SRECon19 Day3

SRECon 2019 Day 3

Optimizing for Learning by Logan McDonald of Buzzfeed

Github Gist of Resources
Live Tweets
Logan studied Behavioral Economics
Senior engineers have 'expert intuition'
- We can develop expert intuition

Preparation

Problem solving is easier with constraints
- Use the Dickeron Hierarchy of Site Reliability from Google SRE Handbook to decide on a constraint
Gagne's Hierarchy of Learning

Gaining Knowledge

Avoid 'The Illusion of Knowing'
- Low-stakes testing
  - Frequent use of evaluation instruments
  - 'To learn, retrieve'
To learn, struggle
- Delayed retrieval and interleaving
- Try Leitner Boxes
- Try memory palaces

Mental Models

Turn patterns and events into abstractions and stories
- Events -> patterns -> structure
- Observe -> reflect ->
- Run incident reviews

Learning Together

mnemonic convergence
- Cultural memory
Growth mindset
Psychological saftey

One on One SRE by Amy Robey of Github

Live Tweets

This talk seeks to answer this question: How can an individual contributor influence availability at company-wide scale?

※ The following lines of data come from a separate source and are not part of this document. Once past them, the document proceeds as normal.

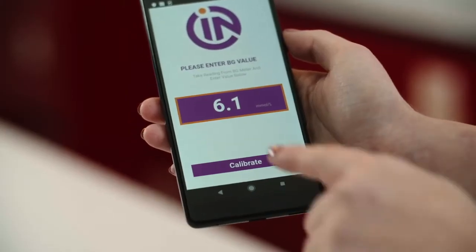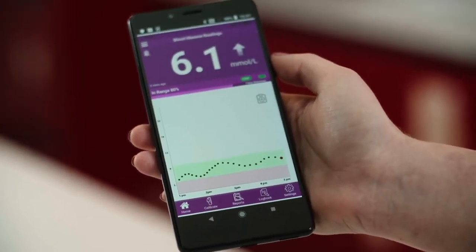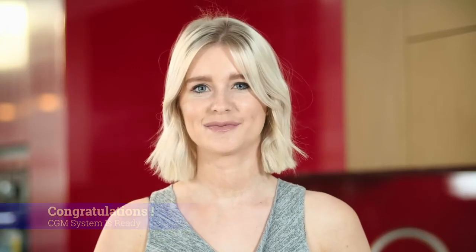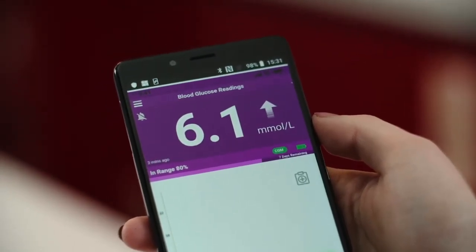Once warmed up, you'll need to add a calibration. You'll be notified when it's time to add a calibration and the calibration screen will pop up. Congratulations — you're now fully set up to start receiving your glucose readings. The GluNovo app will receive a reading every 3 minutes. The home screen of the app shows your last BG reading at the top, indicating how your current BG compares to the last hour of readings.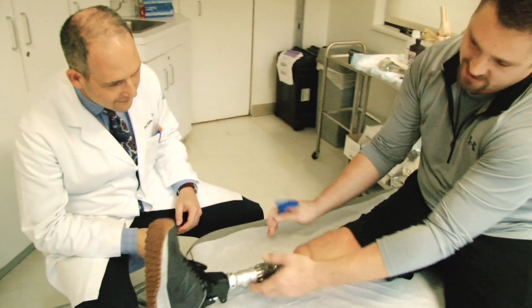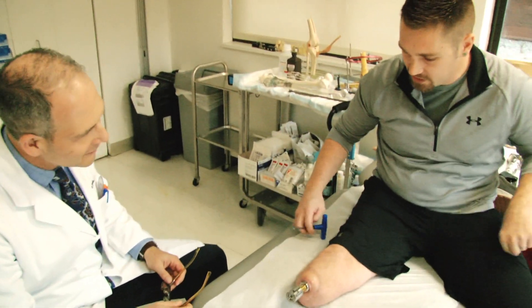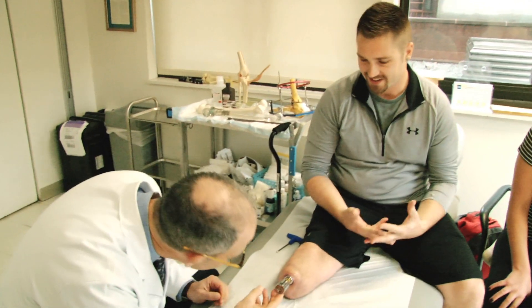I've been walking with no pain. I love how easy it is — just take it on, take it off. Seconds.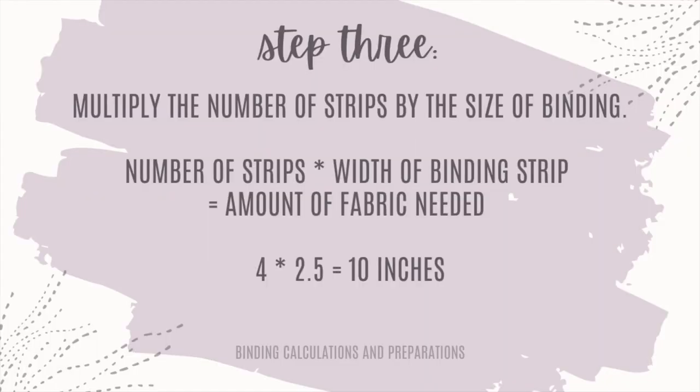Here's the big question you've got to answer: what strip size do you like to bind with? The average is probably 2.5 inches. But do you like your binding a little more narrow — 2.25? Or a little bigger, maybe 3 inches? That's the number you've got to multiply your strip number by. I have 4 strips of fabric, and I'm gonna multiply that by 2.5. That gives me 10 inches.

After a major incident, interview each person involved. At github, they use format below.

The 1:1 Incident Debrief

introductions and agenda
informed consent
- let people know who this data will be shared with
Ask and record the answers to the following questions:
- what was your role in the incident
- what surprised you?
- how long did you work on the incident?
  - probe to see if people burned-out during the incident
- were you able to get the support you needed?
- do you feel that the incident was preventable?
- what actions do you feel good about?
- what do you think could have been better?
- what did you learn from this incident?
- what do you think we can do to prevent reoccurrence?
- did our tools and documentation serve you well?
- did you practice self-care during this process?
  - this implies that you should take care of yourself during while responding to an incident
- can you think of anyone else we should talk to?

The 1k SRE Project: Sublinear Scaling in Practice by Nikolaus Rath of Google

Nikolaus's Team

40 people in 2 locations
Support ~400 google services
Typical workload:
- 30% interrupt work
- 20% service maintenance
- 50% project work
2 on call rotations, several service ownership groups and project groups

Sublinear Scaling

Trying to achieve sublinear scaling is the difference between an SRE team and an ops team
Sublinear scaling is maintaining more service with fewer people
This is achieved with automation

Definitions of Automation

imperative vs. declarative automation
- declarative means you specify the end-state you want
- example of imperative automation: move service between datacenters
  - You understand the manual steps, and then automate them
    - Disadvantages:
      - you need a clean starting point
      - what do you do is your automation crashes?
      - you cannot change course which the automation is running
      - you need a separate recipe for each task and you duplicate steps
- example of declarative automation: service should run in datacenter 'foo'
  - You declare the state that you want, not how to get there
    - Actuator
    - Sequencer (checks against the global ruleset)
  - This is more complex than a script

What is automated?

Intent defines:
- redundancy
- proximities
- dependencies
- SLO
- Rollout policy
- service specific configuration (flags)
What is automated?
- Starts, stops and moves service
- Selects DC, replica count, resource requirements
- Setup monitoring and alerting
- Runs load-tests
- Releases new versions
- Enforces policy (for example, you can change prod on Friday afternoon)
The benefits of automation go to the right and down (they get worse)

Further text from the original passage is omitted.